The foundational piece in this series, Armor (2014), is a cascading glass garment with photo decals of every inch of the artist’s skin transferred onto microscope slides. Like chainmail, glass pieces are linked by an underlying structure of sterling silver. Potter’s choice of the precious metal is a nod to ceremonial armor and the decorative arts, such as jewelry. This piece shrouds the body, while the transposed nude form and transparency of the glass exposes it. The artist’s anatomy is articulated in an almost impressionistic style. The layered swatches of skin abstract her form at close proximity and are brought into focus from a distance. This piece makes manifest the universal desire to understand how it feels to be in someone else’s skin, which is both inviting and haunting.
In the new works created for this exhibit, Potter uses skin as a metaphor to discuss how one’s identity is affected through relationships. Employing traditional elements of armor, such as the chest plate, she overlays the physical characteristics of different people to create ambiguous bodily forms that border on the uncanny.
Her armor investigates the skin as both a barrier and entryway, bringing the viewer into an intimate, yet universal, conversation about the fluidity of human bodies, identities, and the material world that surrounds them.
About the Artist
Charlotte Potter is the Glass Studio Manager and Programming Director at the Chrysler Museum of Art in Norfolk, Virginia, where she has developed an internationally acclaimed performance-art series. She also serves as the lead mentor in the Chrysler Museum Assistantship Program and teaches glass and new media courses at Old Dominion University and Virginia Wesleyan College. She received her MFA from Rhode Island School of Design in 2010 and a BFA from Alfred University in 2003. Potter has made great contributions to the field of glass and its development as a performance and conceptual medium. She co-founded the performance glass troupes, Cirque de Verre and the Glass Theater, which have performed at institutions, including the Corning Museum of Glass and the Toledo Museum of Art. Her work has been exhibited internationally at venues, including S12 in Bergen, Norway; the Shelburne Museum in Vermont; the Oklahoma City Museum of Art; and the Boston Museum of Fine Art. Her artwork is also included in the following permanent collections: the American Museum of Glass, the Chrysler Museum of Art, the Museum of Jurassic Technology, and the Henry J. Neils Frank Lloyd Wright House.
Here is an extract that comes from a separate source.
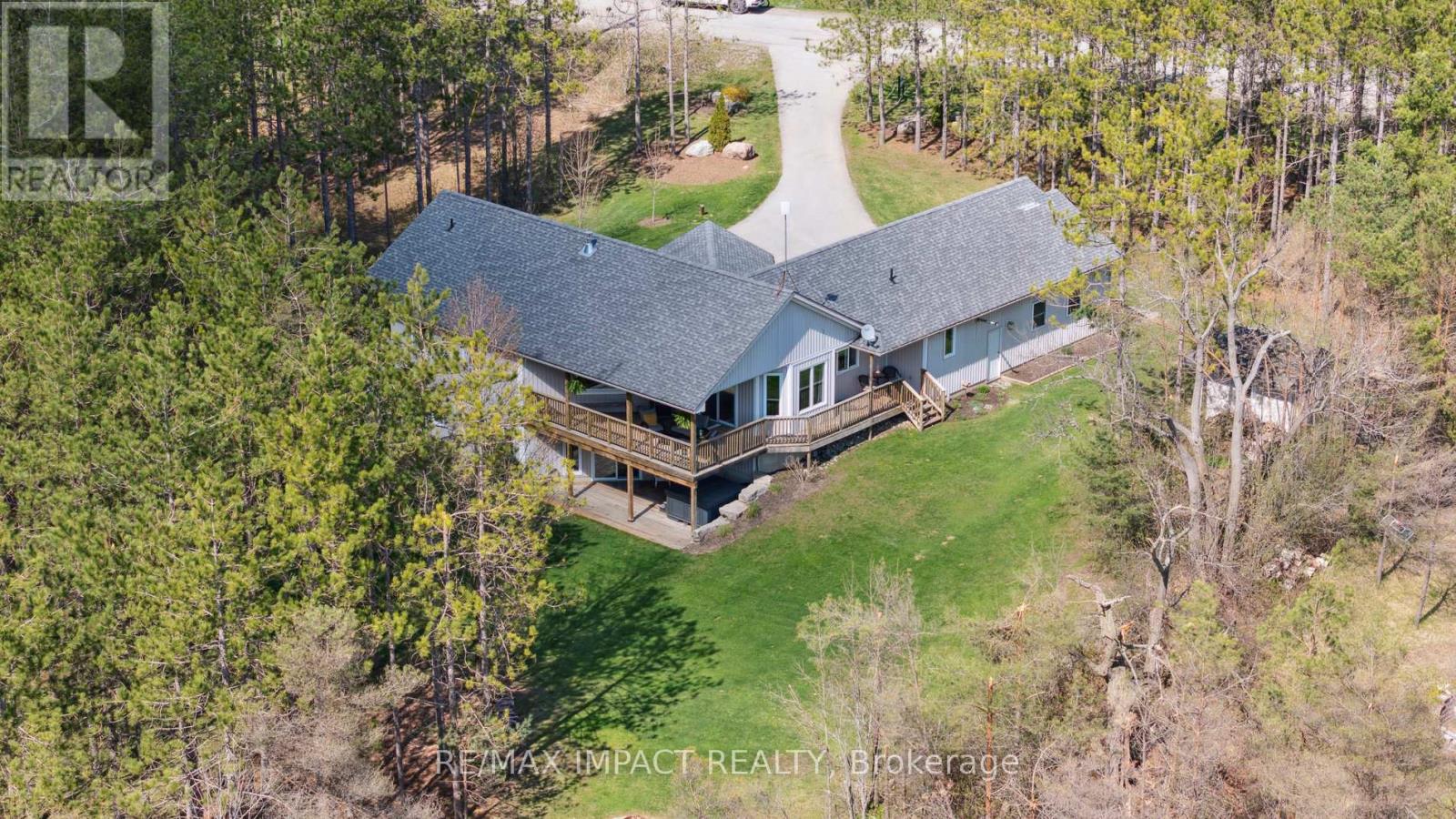 27 Slalom Drive, Kawartha Lakes, Ontario  L0A 1A0 - Photo 4 - X12198334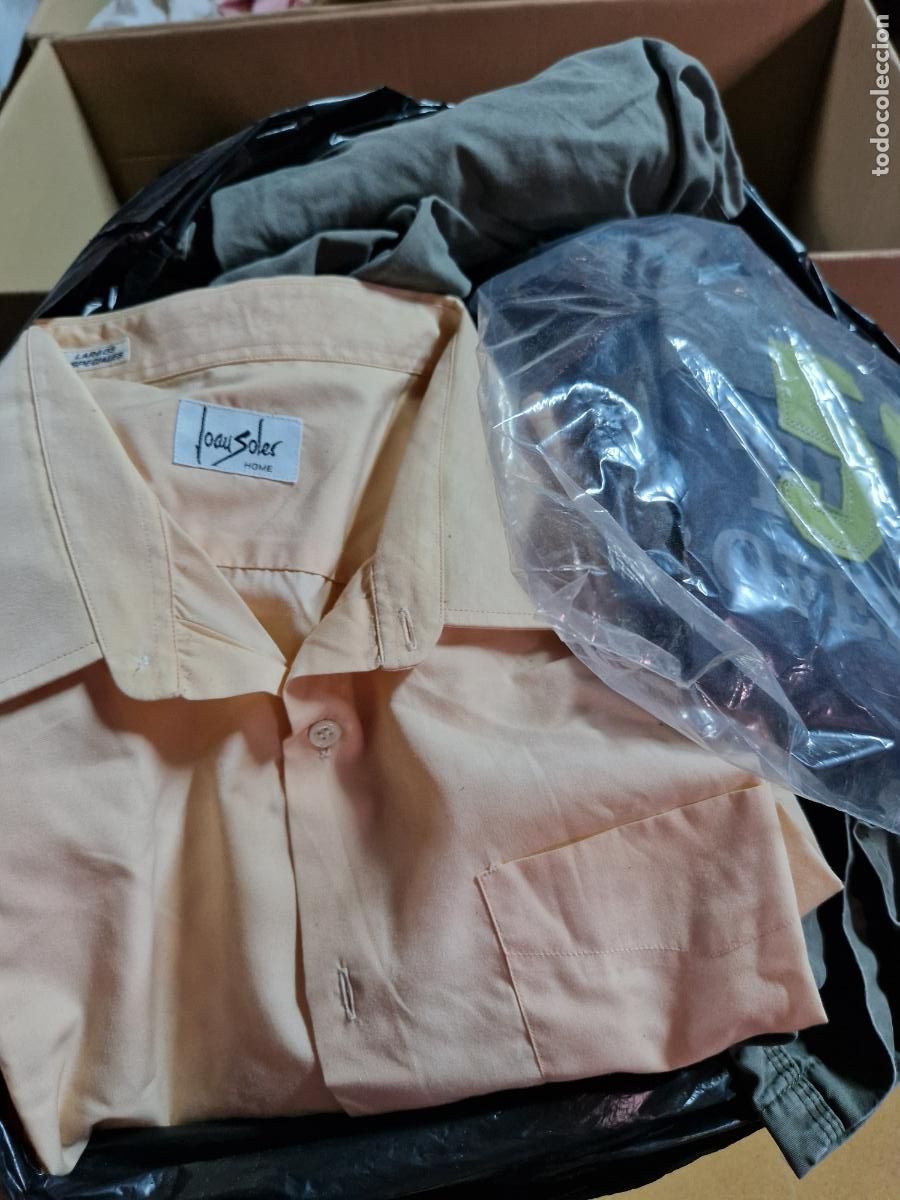 Diccionarios de segunda mano: LOTE SOPRESA. ROPA PARA HOMBRE, SABANAS, MANTAS,CALCETINES, CAMISAS, CAMISETAS. TODA UNA LOTERIA.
For more information about Charlotte, visit: https://www.charlottepotter.com.
Image credits: (1) Exhibition view of “Charlotte Potter: Glass Armory.” On view at Houston Center for Contemporary Craft, Houston, TX, May 27 – September 3, 2016. Photo by Scott Cartwright. (2) Exhibition view of “Charlotte Potter: Glass Armory.” On view at Houston Center for Contemporary Craft, Houston, TX, May 27 – September 3, 2016. Photo by Scott Cartwright. (3) Charlotte Potter, “Large Breastplate and Small Breastplate,” 2016. Microscope slides, photographic decals, urethane, steel, silver. Photo by Scott Cartwright. (4) Charlotte Potter, “Armor,” 2014. Microscope slides, urethane, sterling silver. Photo by Scott Cartwright. (5) Charlotte Potter, “Armor,” 2014. Microscope slides, urethane, sterling silver. Photo by Scott Cartwright. (6) Charlotte Potter, “Siblinghood,” 2016. Hand-ground glass, photographic decals, urethane, glue, steel. Photo by Scott Cartwright. (7) Charlotte Potter, “Siblinghood,” 2016. Hand-ground glass, photographic decals, urethane, glue, steel. Photo by Scott Cartwright. (8) Charlotte Potter, “Siblinghood,” 2016. Hand-ground glass, photographic decals, urethane, glue, steel. Photo by Scott Cartwright. (9) Charlotte Potter, “Gut Feeling I and Gut Feeling II,” 2016. Hand-ground glass, decals, aluminum, gold, wood. Photo by Scott Cartwright. (10) Charlotte Potter, “Together in Arms,” 2016. Hand-ground glass, decals, aluminum, gold, wood. Photo by Scott Cartwright. (11) Charlotte Potter, “Together in Arms,” 2016. Hand-ground glass, decals, aluminum, gold, wood. Photo by Scott Cartwright. (12) Exhibition view of “Charlotte Potter: Glass Armory.” On view at Houston Center for Contemporary Craft, Houston, TX, May 27 – September 3, 2016. Photo by Scott Cartwright. (13) Exhibition view of “Charlotte Potter: Glass Armory.” On view at Houston Center for Contemporary Craft, Houston, TX, May 27 – September 3, 2016. Photo by Scott Cartwright.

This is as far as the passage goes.